§ **Try it**
Return the data that follows exactly as it appears. Pictures do not belong in the copy.

(Supplied data begins)

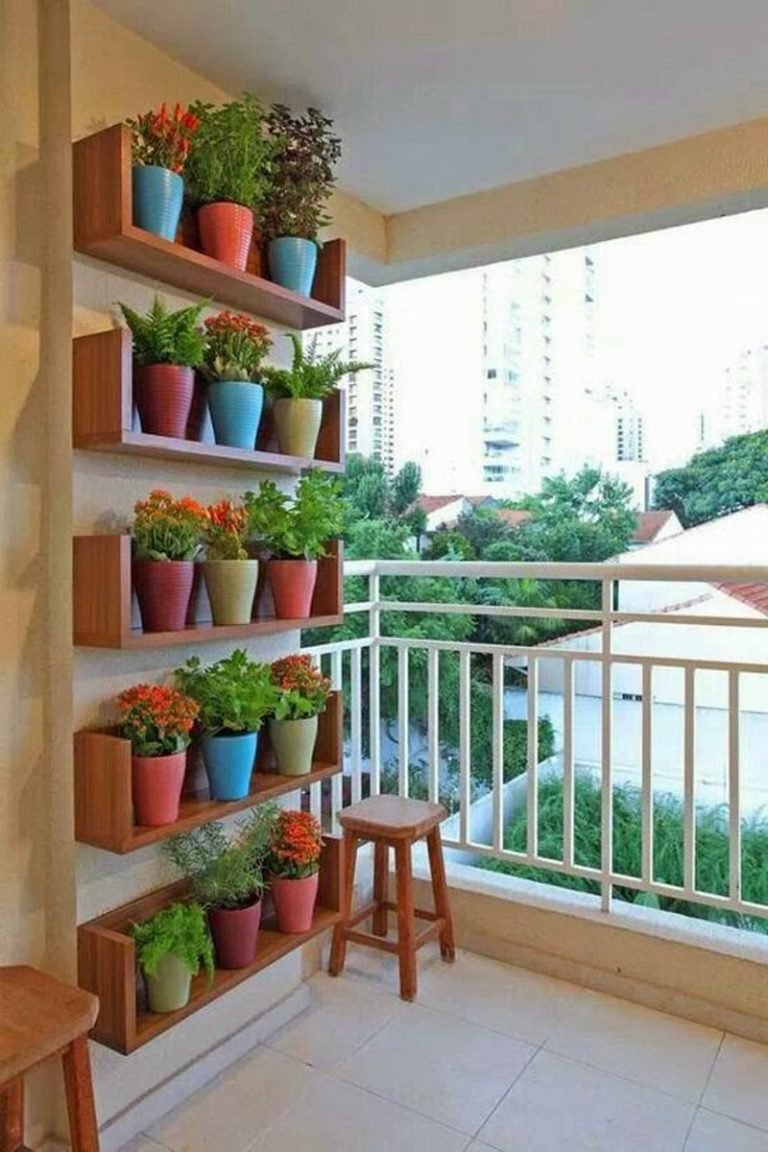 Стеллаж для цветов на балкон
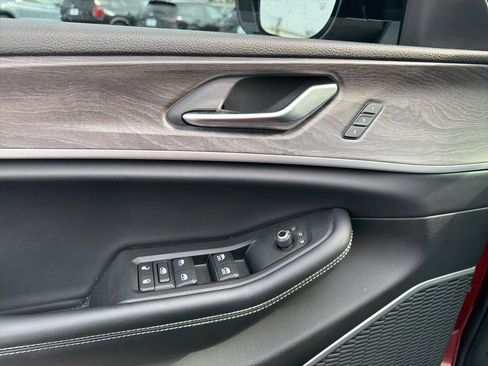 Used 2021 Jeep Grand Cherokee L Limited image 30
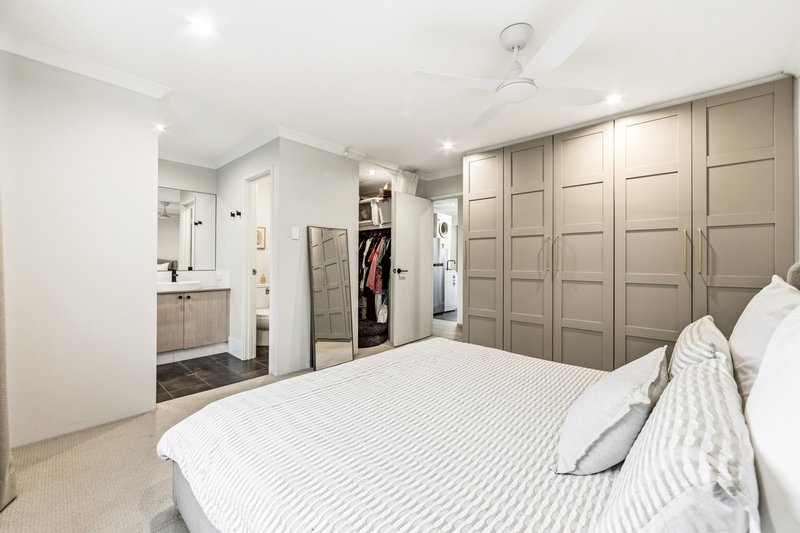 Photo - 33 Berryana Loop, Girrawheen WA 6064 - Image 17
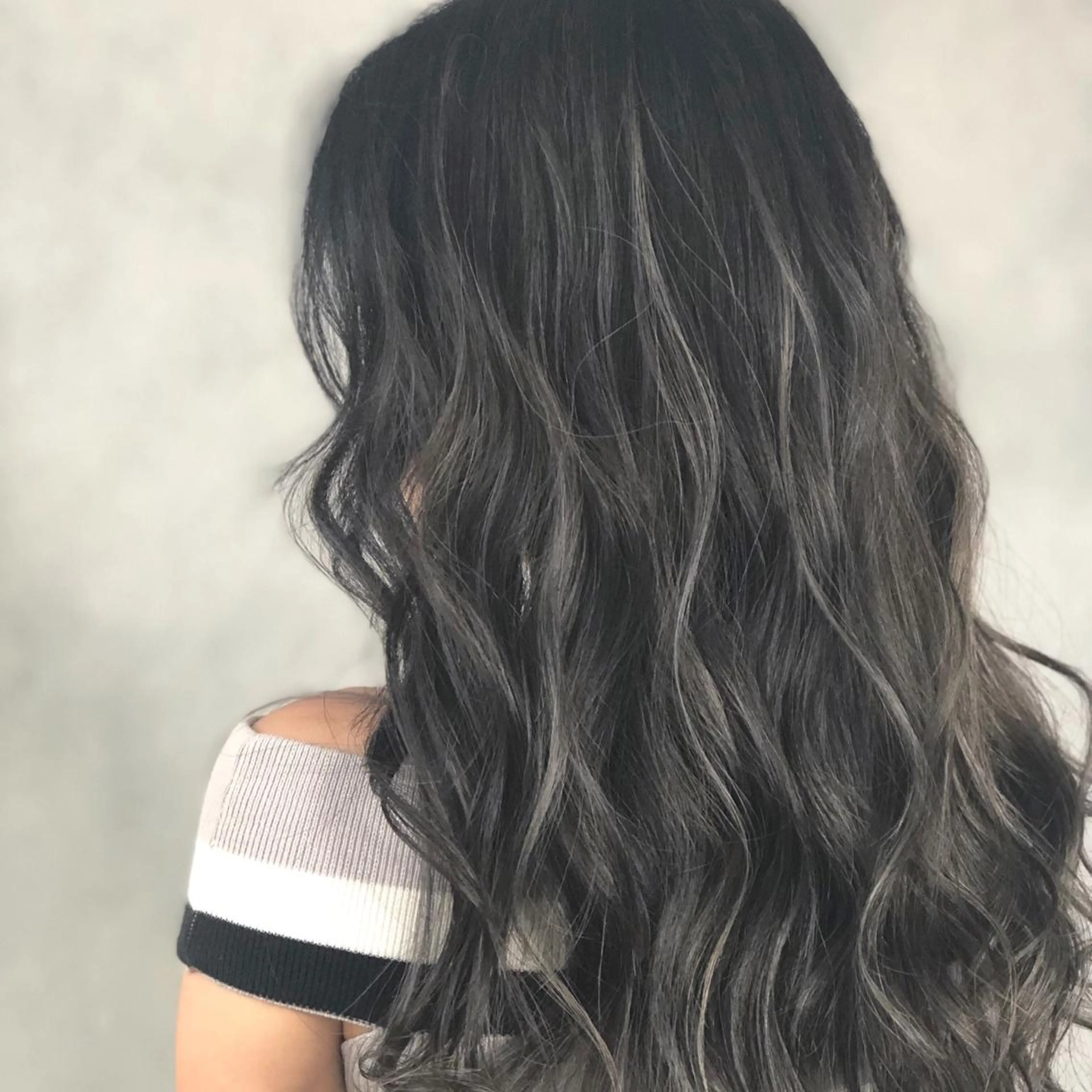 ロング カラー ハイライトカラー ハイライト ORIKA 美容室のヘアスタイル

(Supplied data ends)

§ **Written reply**
 Стеллаж для цветов на балкон
 Used 2021 Jeep Grand Cherokee L Limited image 30
 Photo - 33 Berryana Loop, Girrawheen WA 6064 - Image 17
 ロング カラー ハイライトカラー ハイライト ORIKA 美容室のヘアスタイル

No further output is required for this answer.